George reaches into his trouser pockets and pulls out a newspaper clipping. 20 September 1960 marked the first time George Cohn's name appeared in print. That black-and-white photograph of him bowing onstage at the downtown Globe Theatre was proof of validation.
He had been a good actor. The best. He'd made a living acting, hadn't he? His Hasidic parents had been dead set against it. His father had been a rabbi and his mother a doctor. They were mortified to see their son making a fool of himself on stage for the amusement of a crowd.
"Oy vey," his father exclaimed after his first live performance at the Santa Monica Center of Performing Arts. "My son is a clown!"
"Not a clown, a player," seventeen-year-old George had said, hurt that his parents didn't applaud with the audience at curtain call.
"My son, my only son!" his mother wailed in Yiddish, rubbing the rouge off his nose with a handkerchief. But no amount of his mother's tears or his father's remonstrances could dissuade George from chasing his dream in the world of theatre arts.
He joined a traveling troupe of actors and actresses and apprenticed himself to a classically trained Hollywood star. He'd performed at Renaissance faires and Shakespeare festivals all over the United States and Canada. He'd played Prospero in The Tempest and Iago in Othello. He'd recorded audiobooks for world-renowned authors. He'd lived life and loved every second.
Like a gust of wind, the years swept past him in an instant. His world of acting began a slow decline after IBM introduced its personal computer in 1981. Then MTV and the rise of Dial-up Internet diminished George Cohn. Attention spans shortened. Globe Theatre officially closed its doors in 1999, and he was out of work, a persona non grata at the age of fifty-six. A whole generation now stared into the AMOLED screens of handheld devices.
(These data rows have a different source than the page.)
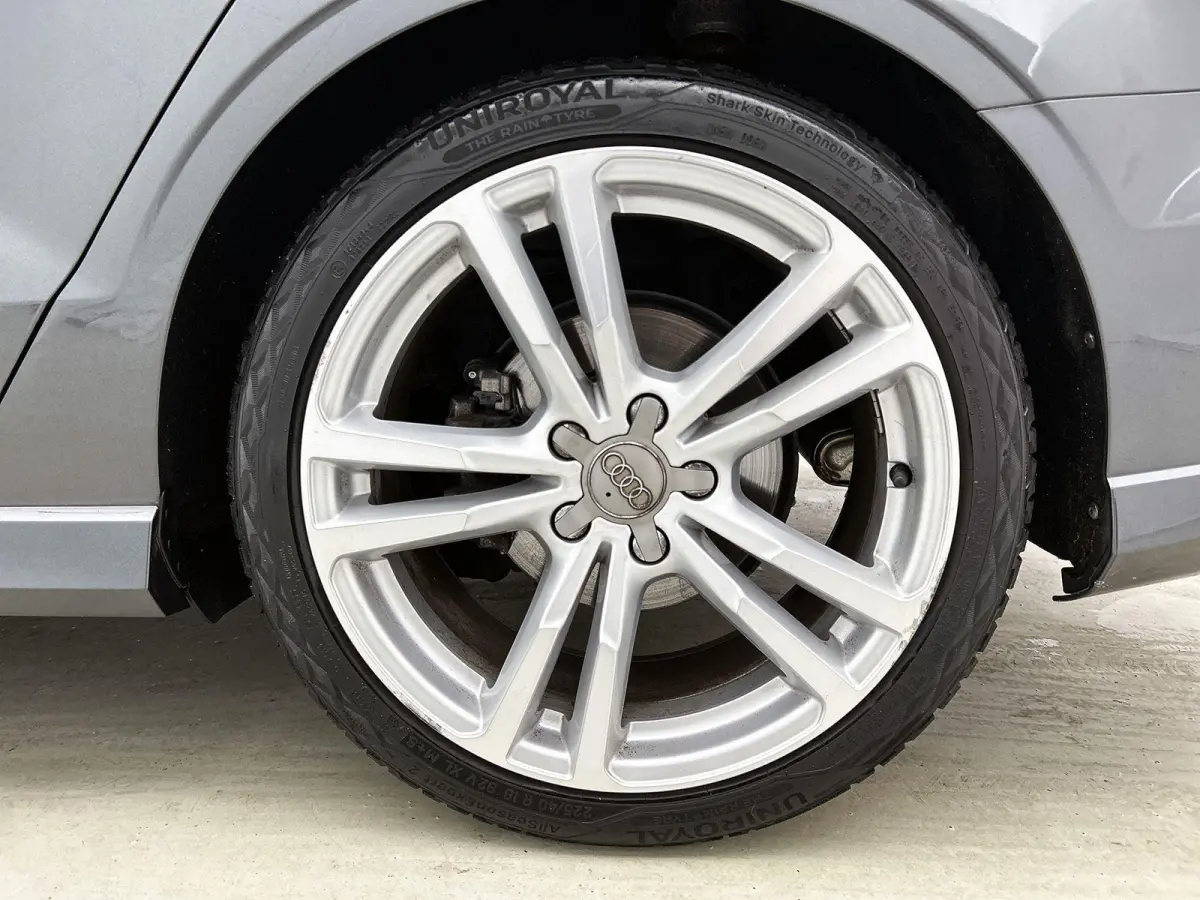 35 TFSI CoD Advance Sport | Stoelverwarming | Electronic Climate Control | Cruise Control | Buitenspiegels Elektrisch Verstel- en Verwarmbaar | LED Koplampen | Lederen Stuurwiel | Lederen-St
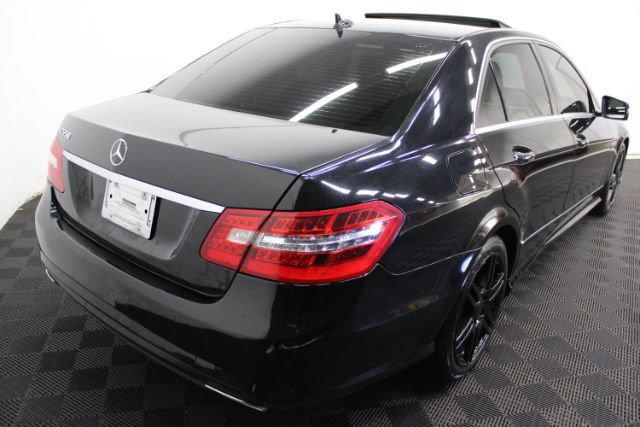 Used 2010 Mercedes-Benz E 550 Sedan w/ Premium 1 Pkg image 4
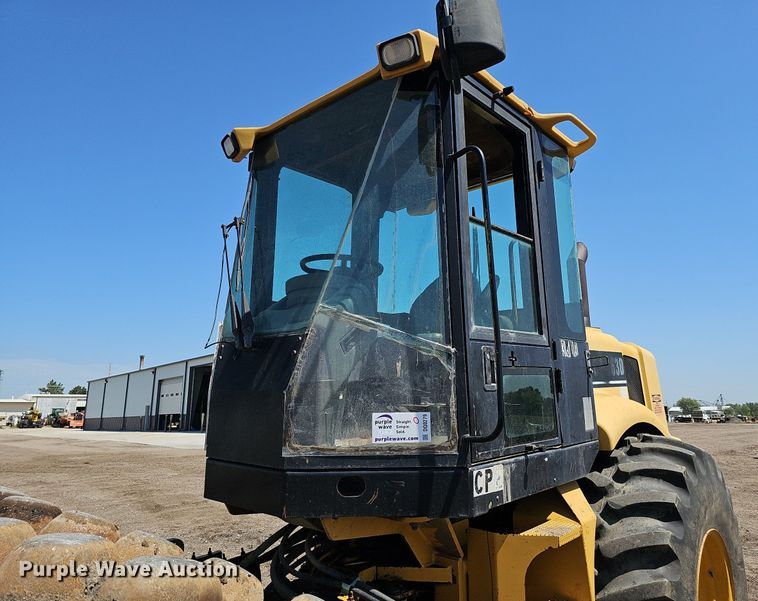 image for item DQ0279 2001 Caterpillar CP-563D  single drum vibratory roller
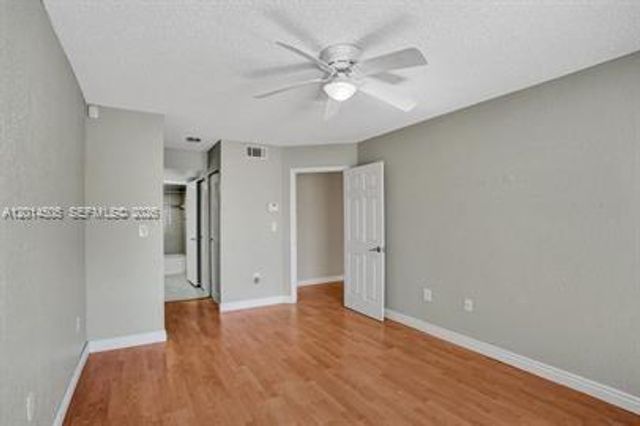 2871 N Oakland Forest Dr 210, Oakland Park, FL 33309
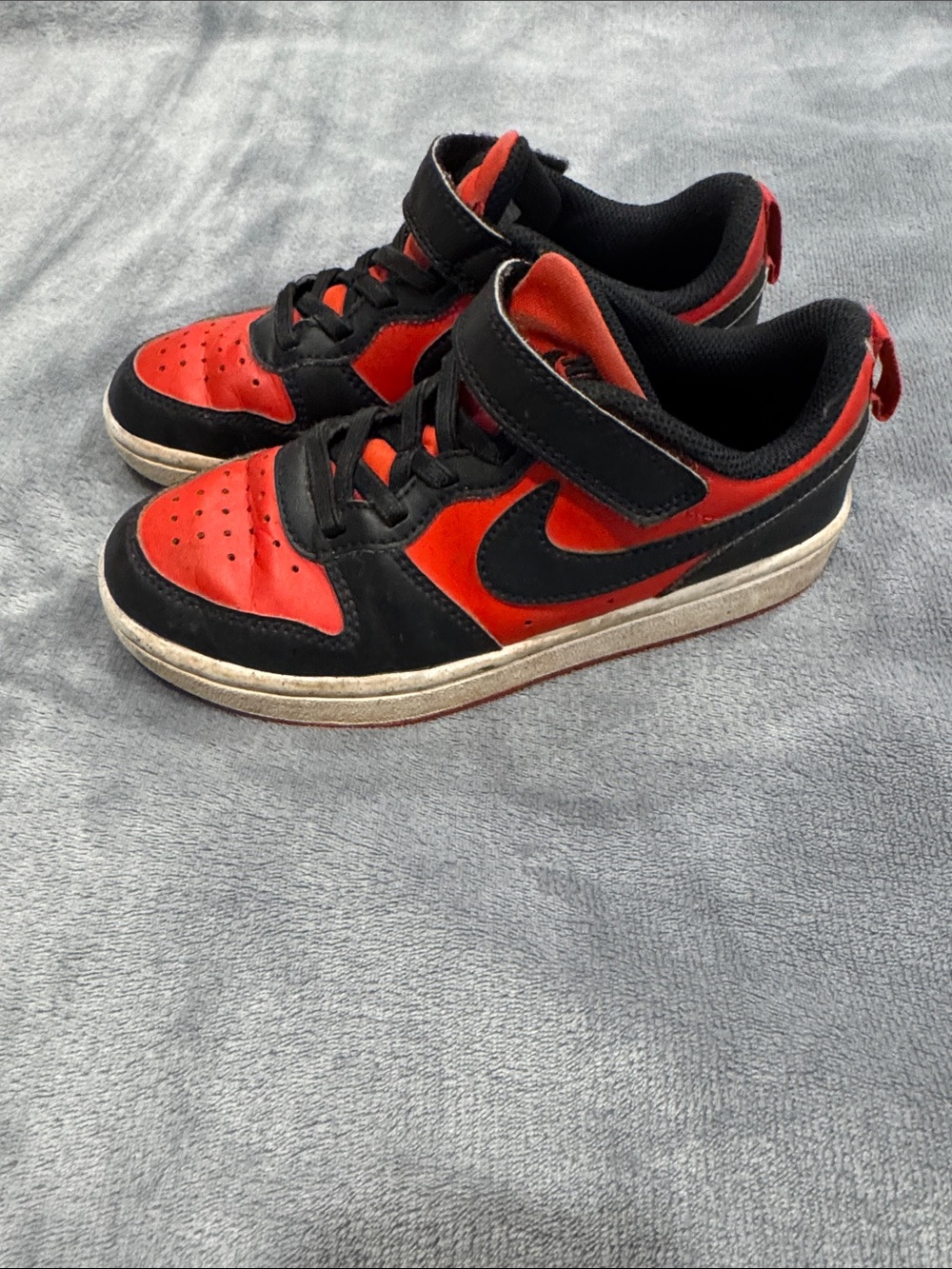 Nike Kids Red and Black Velcro Low-Top Sneakers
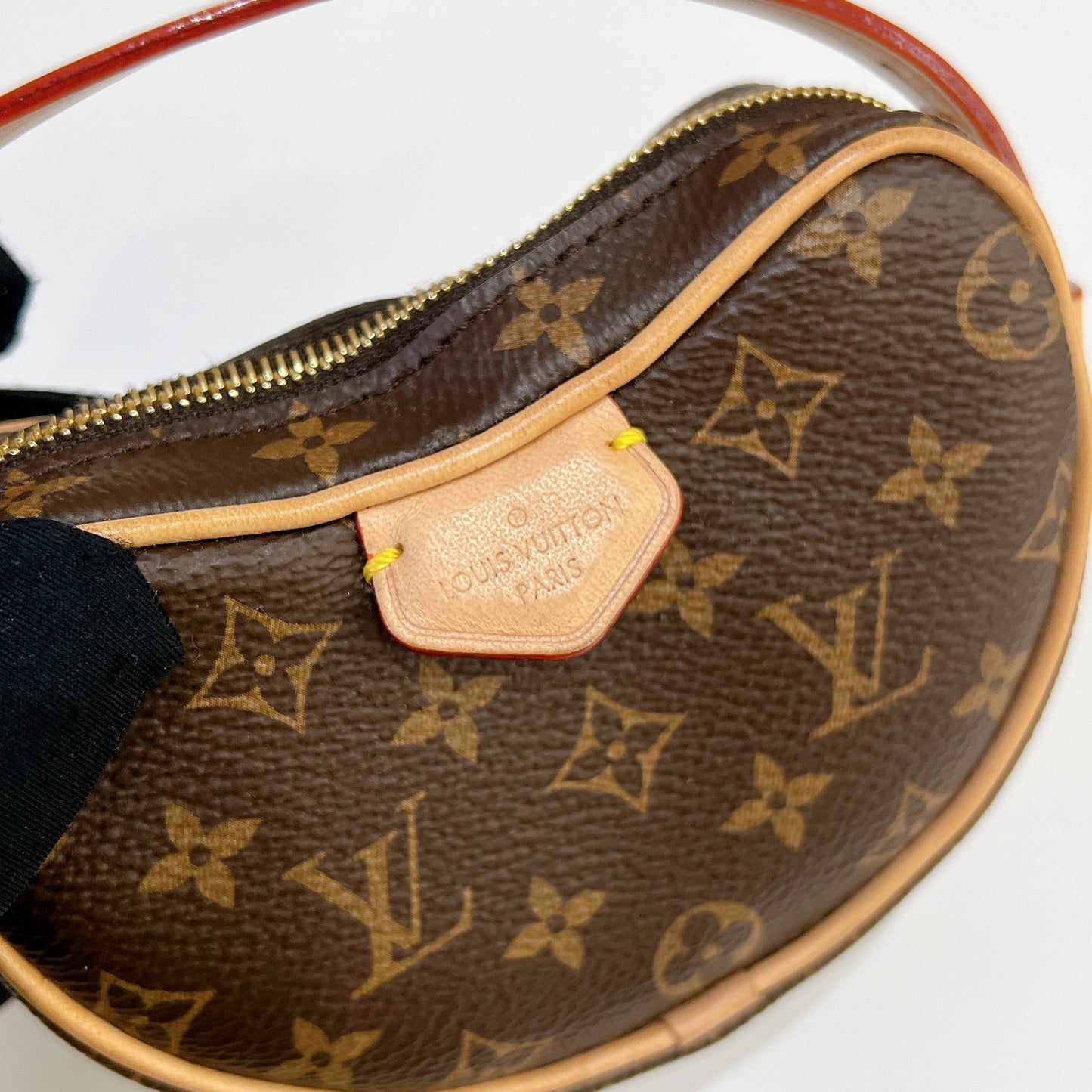LV Monogram Croissant MM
"Hey gramps, you alright?"
George turns around. A scruffy teenager, fourteen or fifteen judging by the timbre of his voice, looks at him worriedly. He's wearing a Lycra wetsuit and clutching a surfboard by his side. George gives him a thumbs-up, but the teen raises an unconvinced eyebrow.
"The beach closes at sundown, y'know. You've been spaced out for a while. I got worried."
"I'm remembering, dear boy, of the time when this boardwalk was my oyster. I used to be in the Shakespeare Theatre Troupe playing at the Globe. Do you like Shakespeare?"
"Sheikh's Pier?" The surfer shrugs, his face aglow from the tiny screen of his smartwatch. "Beats me. I've never been there before."